» **DATASET EXCERPT**:
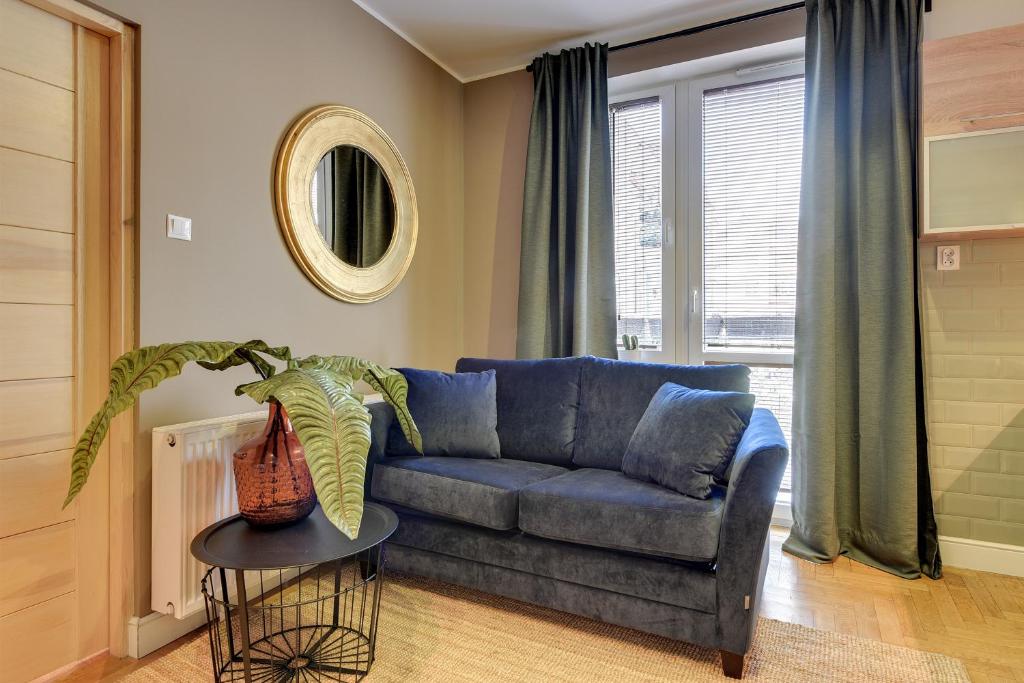 a living room with a blue couch and a table at Lion Apartments MEWA in Sopot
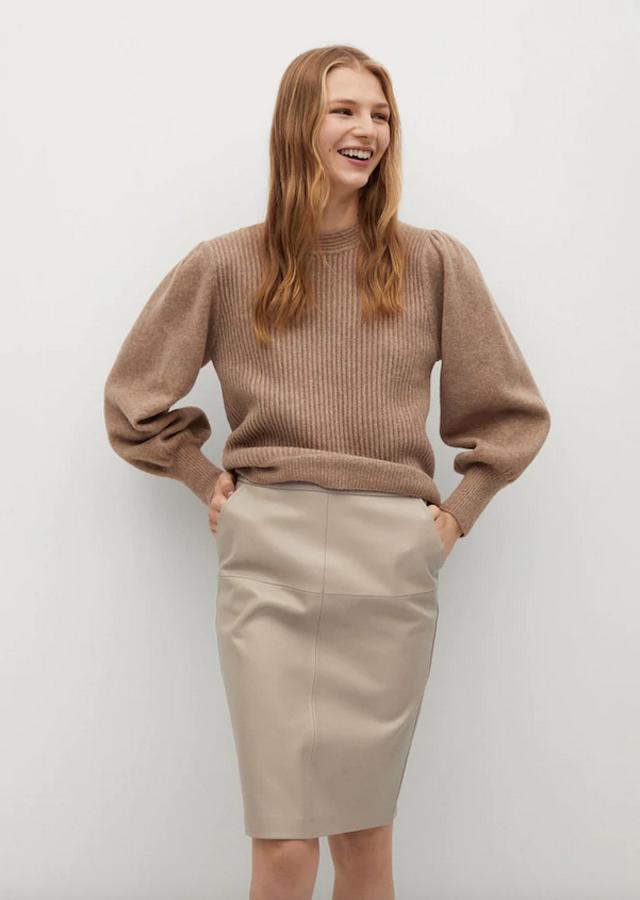 De tiro alto y en efecto piel, esta falda midi de Mango con diseño lápiz corto viene con bolsillos laterales y costuras vistas. Tiene un precio de 25,99 euros y está disponible entre las tallas 32 y 44.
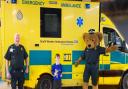 Ewan McNeil (centre) with his grandad, Roland Revell (left), and the new South Western Ambulance Service mascot, Roly Bear.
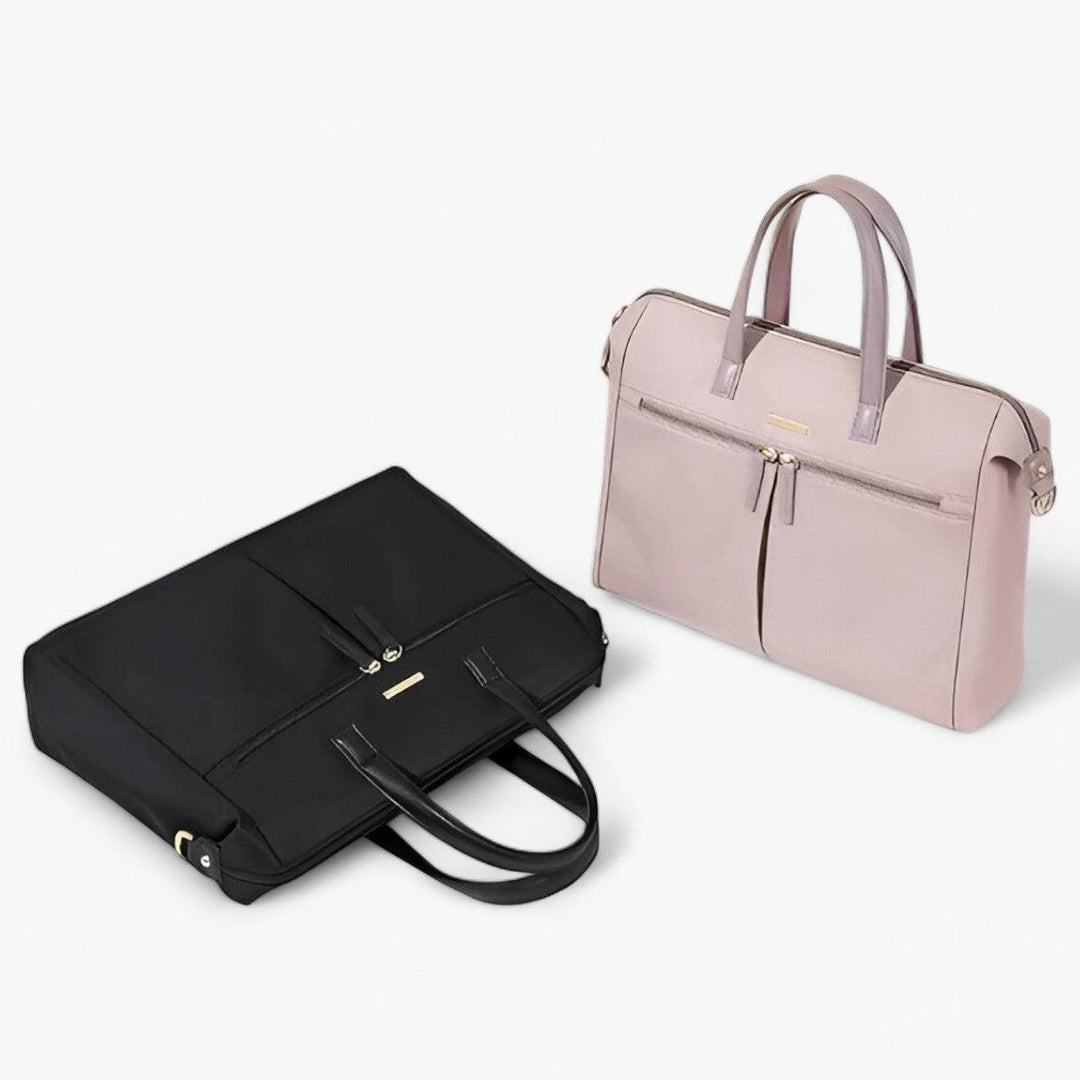 Elegante borsa porta laptop da donna con tracolla regolabile, ideale per l'ufficio e per viaggi di lavoro.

» **INSTRUCTIONS FOR THE TASK**: Your reply should hold only the lines running from the one with "Ewan McNeil (centre)" to the end of the data above, set down exactly, pictures omitted.

» **ANSWER TO THIS TASK**:
 Ewan McNeil (centre) with his grandad, Roland Revell (left), and the new South Western Ambulance Service mascot, Roly Bear.
 Elegante borsa porta laptop da donna con tracolla regolabile, ideale per l'ufficio e per viaggi di lavoro.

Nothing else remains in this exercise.